◆ **Description of the task**:
Transcribe all of the data exactly. Omit the pictures.
BEGIN
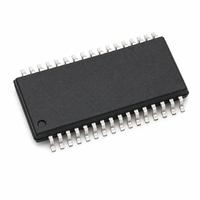 SSOP-24-208mil LTC4100EG#PBF Electronic Chips Component Battery Chargers ICs BOM Quote Service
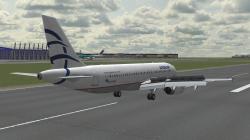  A322S SX-DGC (AEGEAN) im EEP-Shop kaufen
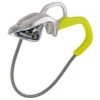Edelrid Mega Jul Belay Device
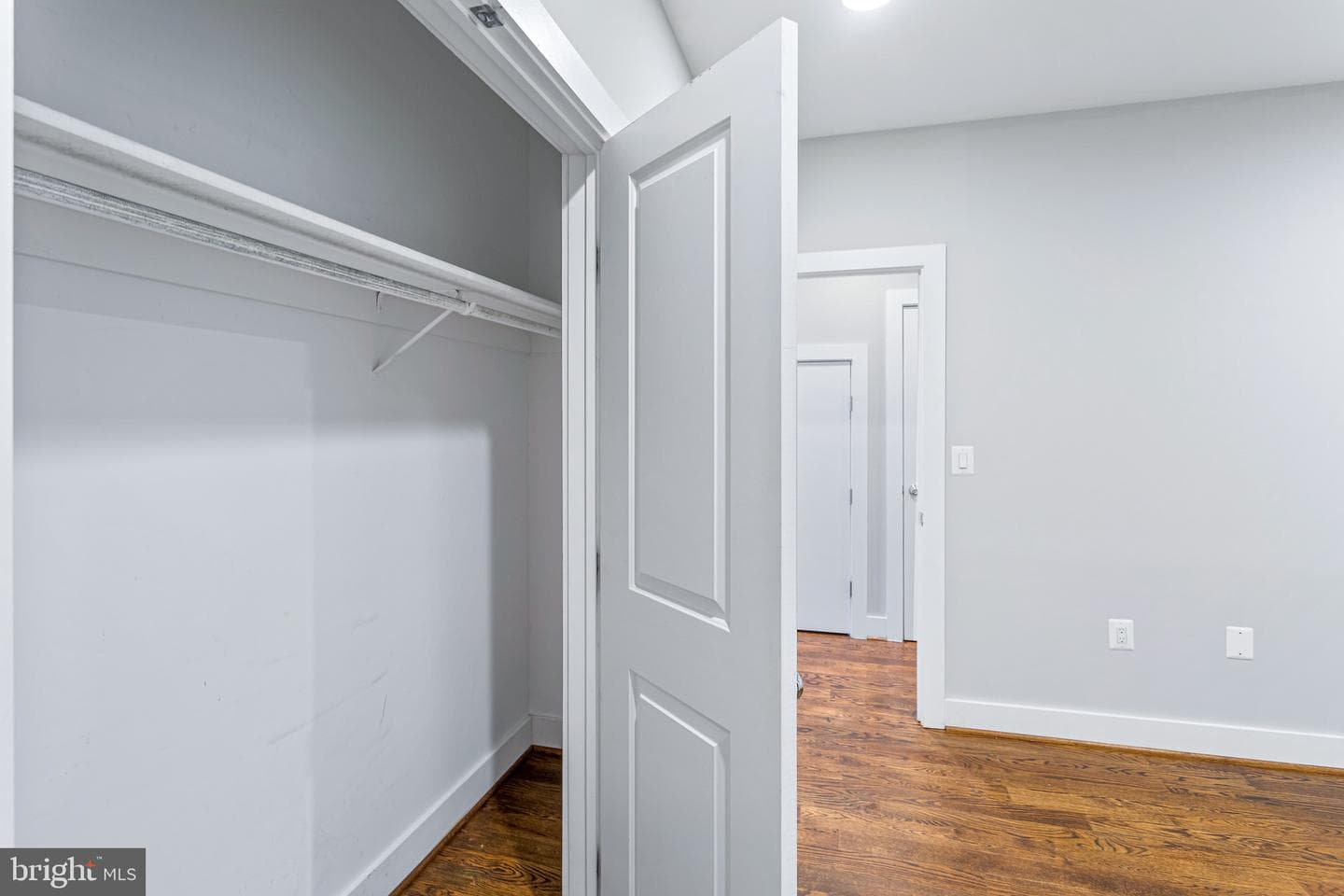 1221 Kenyon Street NW #2 photo 17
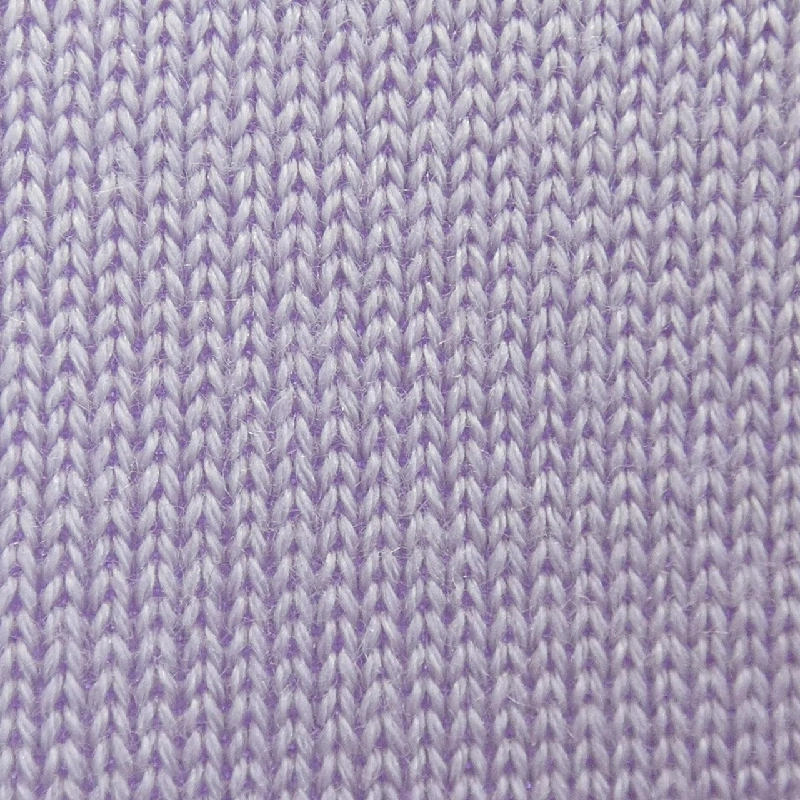 【Mã giảm giá】Salvatore Ferragamo SALVATORE FERRAGAMO Áo khoác cardigan 646929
END
◆ **Answer to the problem**:
 SSOP-24-208mil LTC4100EG#PBF Electronic Chips Component Battery Chargers ICs BOM Quote Service
  A322S SX-DGC (AEGEAN) im EEP-Shop kaufen
Edelrid Mega Jul Belay Device
 1221 Kenyon Street NW #2 photo 17
 【Mã giảm giá】Salvatore Ferragamo SALVATORE FERRAGAMO Áo khoác cardigan 646929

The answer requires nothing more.